Mike - The 709 has Multi EQ-XT, not XT-32.

The XT has 128 data points for the subwoofer vs. the XT-32's 512 points. "XT" is a terrific processing system, but still not quite what "32" adds to the mix. 

We have been experimenting on both systems, and even XT has been yielding terrific results in room. 

The 709 is a bargain for the $$$ receiver. :T


----------



## MikeBiker (Jan 3, 2010)

My mistake. I knew that, I just got the two designations mixed up. I need to engage my brain more when I am posting!


----------



## raynist (Aug 16, 2011)

Does the 709 eq two subs independently?

How would it compare to a stand alone unit like the velodyne sms-1 for eq on a sub?


----------



## MikeBiker (Jan 3, 2010)

The 709 puts out the same signal on both sub out connections. It's essentially a Y connection


----------



## Sonnie (Apr 11, 2006)

From what I have seen the Audyssey XT32 does as good or better than any other "auto-eq" type product. I don't think the SMS-1 is as good.

The units that currently include Sub EQ HT (eq'ing of two subs) are as follows:

Denon AVR-A100
Denon AVR-4311CI
Integra DTR-70.2
Onkyo TX-NR3008 and TX-NR5008
Onkyo PR-SC5507 and PR-SC5508

I know we are getting off topic here, but I would like to see some preamp/processors with XT32 and Sub EQ HT.


----------



## Zeitgeist (Apr 4, 2009)

I think that Audyssey XT32 is supposed to be pretty strong for EQing the lower frequencies (From what I've read and a couple emails I exchanged with Chris K @ Audyssey. Too bad that it's been discontinued, but it probably wouldn't provide enough benefit over a new AVR with XT32.

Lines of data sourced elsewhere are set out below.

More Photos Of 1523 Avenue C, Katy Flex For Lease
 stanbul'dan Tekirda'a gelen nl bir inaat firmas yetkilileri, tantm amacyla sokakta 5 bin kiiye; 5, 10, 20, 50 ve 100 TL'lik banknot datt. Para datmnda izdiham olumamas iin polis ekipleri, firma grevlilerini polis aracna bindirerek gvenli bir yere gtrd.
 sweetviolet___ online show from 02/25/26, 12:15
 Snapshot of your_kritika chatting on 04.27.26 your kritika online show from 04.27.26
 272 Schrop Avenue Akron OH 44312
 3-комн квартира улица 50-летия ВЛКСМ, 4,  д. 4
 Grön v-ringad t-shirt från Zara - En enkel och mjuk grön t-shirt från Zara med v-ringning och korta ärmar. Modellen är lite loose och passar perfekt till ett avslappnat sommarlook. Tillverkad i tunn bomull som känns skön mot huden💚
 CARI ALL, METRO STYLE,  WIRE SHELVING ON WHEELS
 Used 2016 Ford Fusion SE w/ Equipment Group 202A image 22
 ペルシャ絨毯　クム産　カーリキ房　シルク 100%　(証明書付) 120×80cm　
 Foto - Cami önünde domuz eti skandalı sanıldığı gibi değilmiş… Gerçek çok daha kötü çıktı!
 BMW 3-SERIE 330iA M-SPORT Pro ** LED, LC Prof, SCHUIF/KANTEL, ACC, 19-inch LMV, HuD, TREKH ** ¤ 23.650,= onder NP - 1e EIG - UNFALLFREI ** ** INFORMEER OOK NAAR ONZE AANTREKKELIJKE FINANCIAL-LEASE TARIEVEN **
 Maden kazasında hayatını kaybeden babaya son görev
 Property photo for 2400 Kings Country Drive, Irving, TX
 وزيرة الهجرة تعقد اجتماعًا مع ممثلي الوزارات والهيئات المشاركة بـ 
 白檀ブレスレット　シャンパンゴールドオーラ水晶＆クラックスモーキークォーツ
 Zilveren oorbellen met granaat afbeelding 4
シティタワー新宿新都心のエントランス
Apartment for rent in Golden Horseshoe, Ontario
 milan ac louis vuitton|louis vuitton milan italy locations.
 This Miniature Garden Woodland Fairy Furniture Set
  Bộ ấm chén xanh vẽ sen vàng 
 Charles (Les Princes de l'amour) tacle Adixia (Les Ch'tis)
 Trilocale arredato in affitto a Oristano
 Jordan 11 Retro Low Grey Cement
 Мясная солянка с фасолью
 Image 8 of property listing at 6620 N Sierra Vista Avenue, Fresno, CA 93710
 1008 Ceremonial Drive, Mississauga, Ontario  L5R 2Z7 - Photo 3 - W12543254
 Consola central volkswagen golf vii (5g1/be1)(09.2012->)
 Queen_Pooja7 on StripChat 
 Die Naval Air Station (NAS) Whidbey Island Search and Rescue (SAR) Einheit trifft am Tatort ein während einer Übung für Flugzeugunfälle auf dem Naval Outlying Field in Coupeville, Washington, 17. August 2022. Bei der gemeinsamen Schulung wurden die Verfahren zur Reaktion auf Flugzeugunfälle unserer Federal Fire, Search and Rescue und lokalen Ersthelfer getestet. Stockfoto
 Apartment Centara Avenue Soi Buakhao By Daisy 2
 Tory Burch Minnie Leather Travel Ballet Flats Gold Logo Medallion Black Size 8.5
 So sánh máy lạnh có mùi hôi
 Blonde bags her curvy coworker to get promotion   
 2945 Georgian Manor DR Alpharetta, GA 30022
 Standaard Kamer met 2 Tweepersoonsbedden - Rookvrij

Probably not a big money maker... unfortunately.


----------



## Moonfly (Aug 1, 2008)

The SVS unit basically ran XT32 but IIRC could utilize a few more measurements due to using full PC processing over an AVRs much inferior built in processor. Audyssey corrects down to at least 10hz, as long as your sub is capable of going that low. Before that though, it measures your subs response so it knows if you have a HPF or ported sub for example, and wont be trying to correct at 10hz on a sub that cant reproduce those frequencies properly.

From what I have found out, the EQ-1 came to the end of its initial production run, and it was a combination of it not being profitable enough (probably not cheap to license Audy tech) and the fact modern Audyssey equipped processors have more or less caught up, that meant continuing production was pointless.


----------



## Moonfly (Aug 1, 2008)

Sonnie said:


> From what I have seen the Audyssey XT32 does as good or better than any other "auto-eq" type product. I don't think the SMS-1 is as good.
> 
> The units that currently include Sub EQ HT (eq'ing of two subs) are as follows:
> 
> ...


The Onky 5509 also does.

The antimode is claimed to be on a par with Multi EQ XT, although even DSpeaker reckon XT32 is likely better. There is a new dual core processor based true dual channel unit coming out next year though, and that can do a pair of subs, but will also do full range speakers of required. It will also incorporate a nifty little built in screen that will display the graphs. Pricing will be about 800 euros though.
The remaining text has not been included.